Monday, September 12, 2011

Getting on Track for a Sustainable Retirement: A Reality Check on Savings and Work

A recent paper by Wade Pfau really overturns some standard ideas about retirement planning. The usual story includes picking a "number", planning how much you need to save to get to the number and starting early with saving in order to benefit from compounding interest. This table from the paper:



shows what percentage of final retirement assets could be explained by accumulated wealth a given number of years before retirement for a bond-stock portfolio simulated over the last century or so for the US. Even with an all bond portfolio only 43% of final wealth could be explained by accumulated assets 10 years from retirement. For stock oriented portfolios very little of the variation could be explained. It's all down to the luck of the market returns in the final 10 years. So tracking net worth doesn't really help much in telling you how much you'll have to retire on after all... Early compounding doesn't make much difference because there isn't much wealth to benefit from compounding.

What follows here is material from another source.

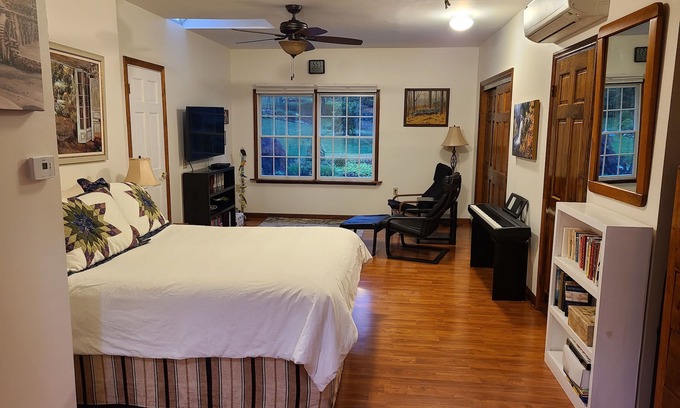 Redding Ridge Apartment | Bedroom, bathroom with beautiful shower, second room with work or eating area.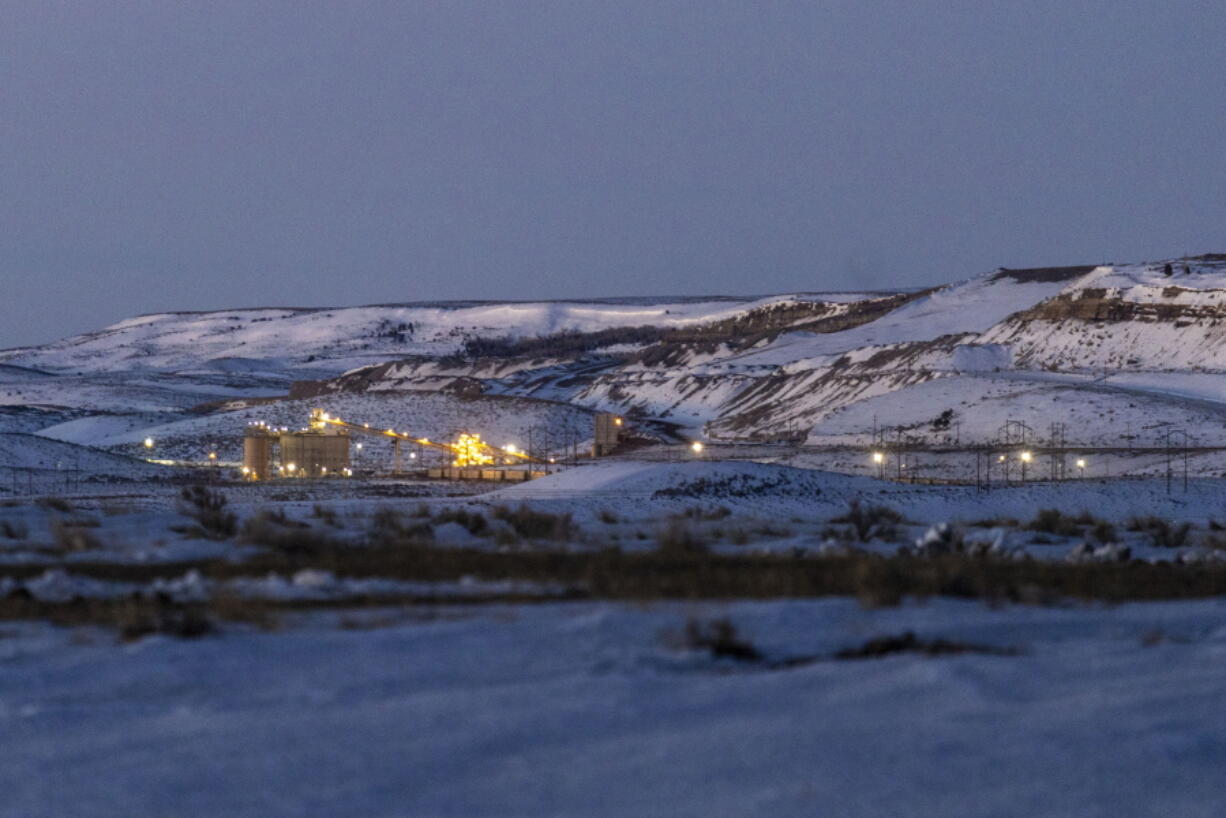 FILE - Lights illuminate a coal mine at twilight, Jan. 13, 2022, in Kemmerer, Wyo. With the nearby coal-fired Naughton Powerplant being decommissioned in 2025, the fate of the coal mine and its workers is uncertain. More than 500 days into his presidency, Joe Biden's hope for saving the Earth from the most devastating effects of climate change may not be dead. But it's not far from it after a Supreme Court ruling not only limited the Environmental Protection Agency's ability to regulate pollution by power plants, but also suggests the court is poised to block other efforts to limit the climate-wrecking fumes emitted by oil, gas and coal.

So what does Pfau recommend? Calculating a minimum safe savings rate based on age, accumulated assets, and allocation. For someone of 55 years old who has saved 4 times their salary and wants to replace 50% of their salary and retire in 10 years and has 60% in stocks, the minimum safe savings rate is 52% of income! For a 50% chance of success of achieving a sustainable retirement only an 18.2% savings rate is needed. Having more wealth earlier does help reduce these rates. Not because of compounding but just in terms of piling up more savings. There are more analyses in the paper of the effect of retiring later etc.